Workflows

This page describes the standard LenVM workflows. Use the root scripts/ entrypoints whenever possible; they encode the expected environment activation, server flags, paths, and output locations.

Run commands from the repository root. The demo scripts are the main reproducible workflow currently provided: they run a compact end-to-end path that reproduces most of the paper's results. The exact scripts for every paper result are not included yet and will be provided later.

Pipeline overview

generate data -> train LenVM -> serve/evaluate -> visualize

LenVM data generation samples multiple completions per prompt, groups them by meta_info.lenvm_idx, and writes JSONL datasets. Training consumes those grouped datasets through the local LlamaFactory fork. Evaluation and guided decoding use the local SGLang fork to serve either the LenVM value model or a base model with LenVM-guided sampling.

Workflow A: run the demo end to end

This is the recommended reproducible path with the files currently included in the repository. Before launching the Slurm demo, copy scripts/remote_slurm_job/submit_job.sh.example to scripts/remote_slurm_job/submit_job.sh, copy .env.example to .env, then configure remote/local paths, environment variables, cache locations, and Slurm resources. The wrapper supports two modes: from a local machine it can sync the repository and submit over SSH; on the remote server it can submit directly with sbatch by setting IS_REMOTE=1. The default path submits scripts/remote_slurm_job/train.slurm through sbatch. If you are already on a GPU node or a dedicated GPU machine, you can also run train.slurm with bash; in that case, set REMOTE_REPO, CACHE_ROOT, and SLURM_GPUS_ON_NODE yourself.

# Configure paths, environment variables, cache locations, Slurm resources, and IS_REMOTE first.
cp scripts/remote_slurm_job/submit_job.sh.example scripts/remote_slurm_job/submit_job.sh
cp .env.example .env
bash scripts/remote_slurm_job/submit_job.sh

On two H100 GPUs, the full demo takes about 1 hour and writes outputs to results/. The generated results include LIFEBench, tradeoff evaluation, length prediction, length-token analysis, and visualization of length-change trends.

The same stages can also be run manually:

bash scripts/environment/env_config_uv.sh
bash scripts/data_generation/demo.sh
bash scripts/training/demo.sh
bash scripts/inference/demo_length_prediction.sh
bash scripts/inference/demo_length_token.sh
bash scripts/inference/demo_lifebench.sh
bash scripts/inference/demo_tradeoff.sh
bash scripts/visualization/demo_visual.sh

The demo covers data generation, LenVM training, LIFEBench, tradeoff evaluation, length prediction, length-token analysis, and visualization of length-change trends.
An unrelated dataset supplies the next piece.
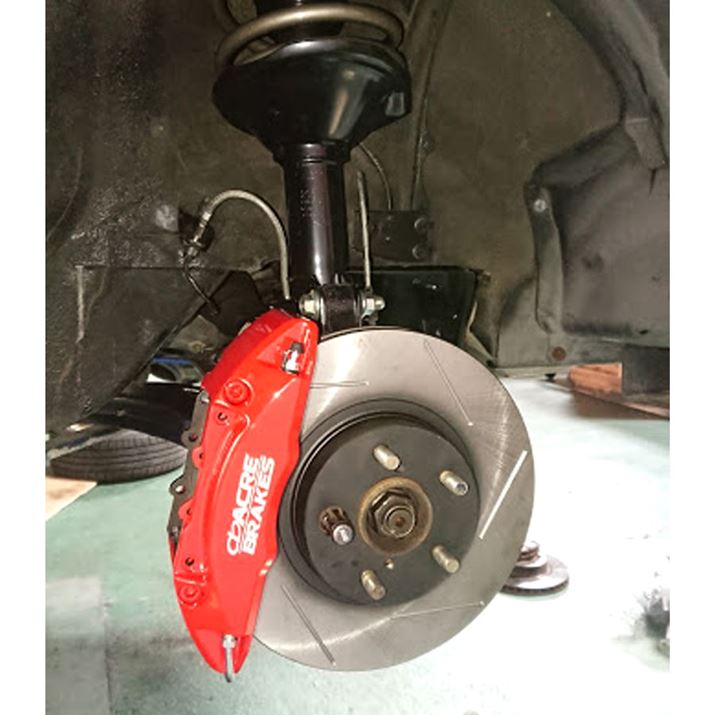 u[LLp[iɌƁA͂͂ɌBrWAʂ܂̂܂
It is intended to reproduce most of the paper's results, while full paper-result scripts will be added later.

Workflow B: use existing data and models

If you want to skip data generation and training, download the existing artifacts:

bash scripts/environment/env_config_uv.sh
bash scripts/download_data_and_model.sh

Then run the evaluation or visualization script you need after updating its parameters to match the downloaded data/model locations:

bash scripts/inference/demo_length_prediction.sh
bash scripts/inference/demo_length_token.sh
bash scripts/inference/demo_lifebench.sh
bash scripts/inference/demo_tradeoff.sh
bash scripts/visualization/demo_visual.sh

Expected major inputs and outputs:

Data: data_generation/LenVM-Data/
Model artifacts: models/ or checkpoint paths expected by scripts
Evaluation and visualization results: results/

Downloaded data/model artifacts are a shortcut around expensive stages, not a guarantee that every demo script can run unchanged. Check model paths, checkpoint paths, ports, tensor/pipeline parallel settings, and memory fractions before launching GPU workloads.
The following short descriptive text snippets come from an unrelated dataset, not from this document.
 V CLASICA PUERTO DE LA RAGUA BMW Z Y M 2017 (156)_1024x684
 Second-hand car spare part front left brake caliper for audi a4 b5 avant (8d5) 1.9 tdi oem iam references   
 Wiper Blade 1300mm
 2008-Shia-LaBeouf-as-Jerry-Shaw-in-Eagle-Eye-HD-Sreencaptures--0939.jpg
Workflow C: generate LenVM data

Run the demo data generation workflow:

bash scripts/data_generation/demo.sh

The script activates .venv-infer, launches an SGLang server, and calls:

python -m data_generation.data_generator.main

Expected outputs are JSONL files under data_generation/LenVM-Data/<model-name>/..., including grouped files used by training.

For larger runs, dataset-specific commands, OpenCodeReasoning-2 preparation, and downsampling utilities, see ../data_generation/data_generation.md.
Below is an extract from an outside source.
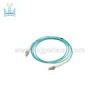 قیمت پچ کورد فیبر نوری OM4 نگزنس LC-LC 3m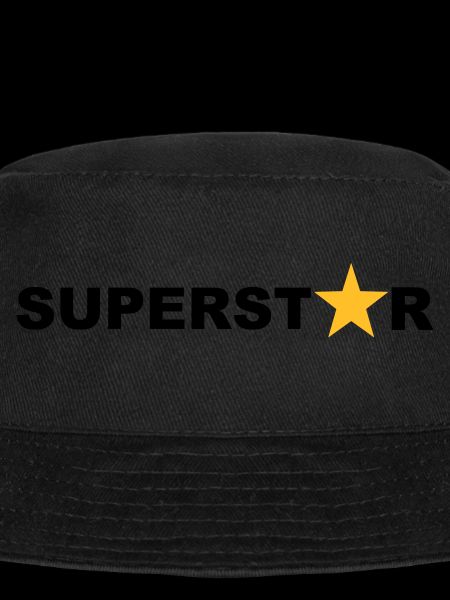 Superstar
Workflow D: train a LenVM checkpoint

Run the demo training workflow:

bash scripts/training/demo.sh

The script activates .venv-train, downloads dataset_info.json for the demo dataset if needed, and runs:

FORCE_TORCHRUN=1 llamafactory-cli train ./scripts/training/configs/demo.yaml

The demo config uses:

stage: lenvm
dataset directory: ./data_generation/LenVM-Data
output directory: ./saves/a-qwen2.5-3b-instruct-b-qwen2.5-3b-instruct/demo_math_instruction
evaluation datasets: demo_math_test,demo_instruction_test

Workflow E: evaluate and analyze

First-token length prediction

bash scripts/inference/demo_length_prediction.sh

This serves the LenVM checkpoint as an embedding-style value model and writes results under results/length_prediction/.

Length-token analysis

bash scripts/inference/demo_length_token.sh

This analyzes token-level value behavior and can produce wordcloud artifacts under results/length_token_analysis/.

LIFEBench

bash scripts/inference/demo_lifebench.sh

This launches a base SGLang model with in-process LenVM guidance and runs baseline plus LenVM-guided LIFEBench experiments. Benchmark outputs are written under results/LIFEBench/.

Tradeoff evaluation

bash scripts/inference/demo_tradeoff.sh

This runs baseline sampling, LenVM-guided sampling across value scales, budget evaluation, and plotting. Outputs are written under results/tradeoff/.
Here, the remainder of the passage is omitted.